▶ _Exercise instructions_
Your reply should reproduce the data below without a single alteration, apart from dropping the images.

▶ _Listed entries_
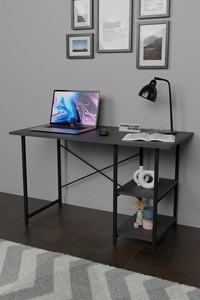 Mesa Plegable Portátil y Duradera con Estantes, Estructura Metálica, Tablero de Aglomerado, Ecológica, Espaciosa, Multifuncional, Ahorra Espacio - Product Image 2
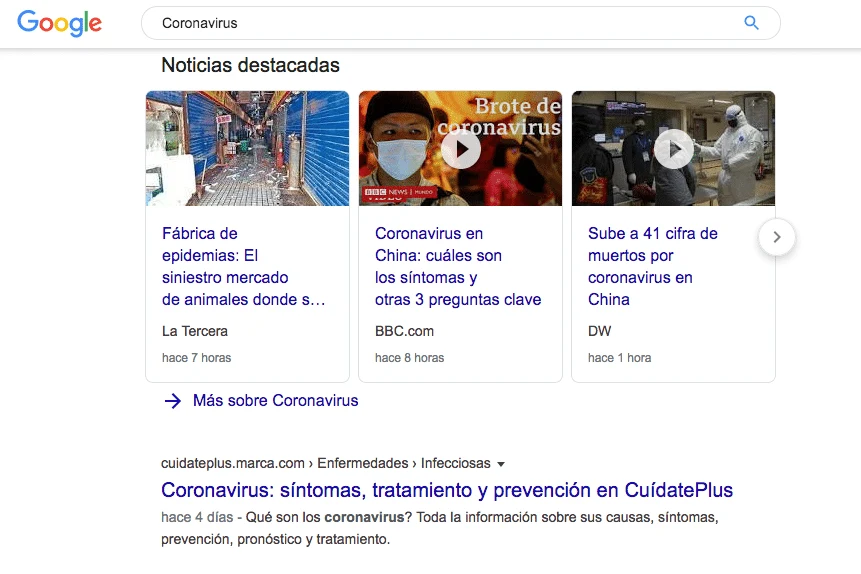 Google Serp bloque de noticias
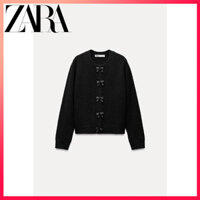 Zara 25 Mùa Xuân Mới Quần Áo Nữ Nơ Nút Áo Khoác Dệt Kim
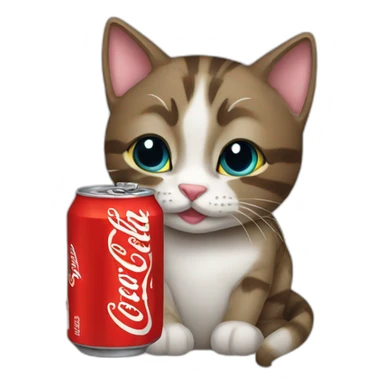 cat drinking coke can sticker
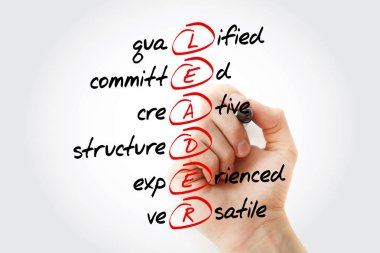 Lider - marker, iş kavramı arka plan ile nitelikli, kararlı, yaratıcı, yapılandırılmış, deneyimli, çok yönlü kısaltma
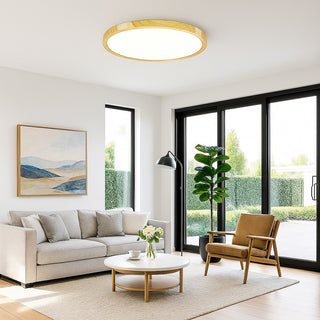 Plafoniera led ultra slim 18 24 36 45 watt tecnologia CCT colore legno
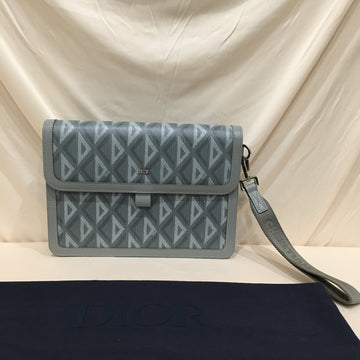 CHRISTIAN DIOR Dior Grey CD Diamond Hit The Road A5 Pouch Clutch Sku# 73897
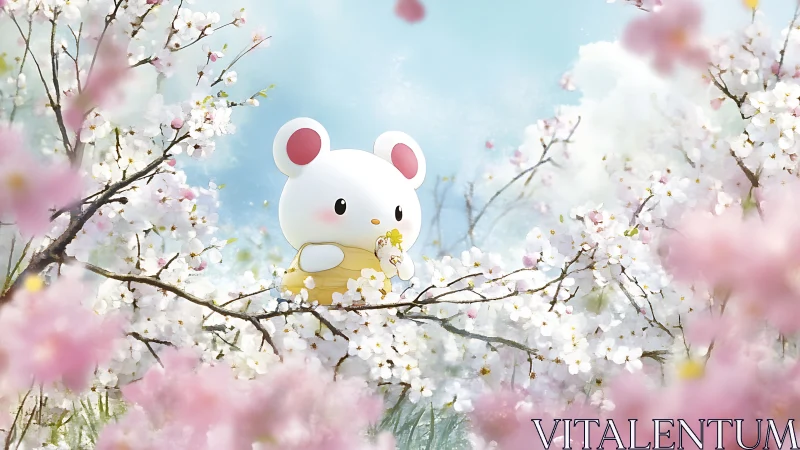 Gentle toy mouse enjoys a peaceful day in cherry blossoms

▶ _Solution to this exercise_
 Mesa Plegable Portátil y Duradera con Estantes, Estructura Metálica, Tablero de Aglomerado, Ecológica, Espaciosa, Multifuncional, Ahorra Espacio - Product Image 2
 Google Serp bloque de noticias
 Zara 25 Mùa Xuân Mới Quần Áo Nữ Nơ Nút Áo Khoác Dệt Kim
 cat drinking coke can sticker
 Lider - marker, iş kavramı arka plan ile nitelikli, kararlı, yaratıcı, yapılandırılmış, deneyimli, çok yönlü kısaltma
 Plafoniera led ultra slim 18 24 36 45 watt tecnologia CCT colore legno
 CHRISTIAN DIOR Dior Grey CD Diamond Hit The Road A5 Pouch Clutch Sku# 73897
 Gentle toy mouse enjoys a peaceful day in cherry blossoms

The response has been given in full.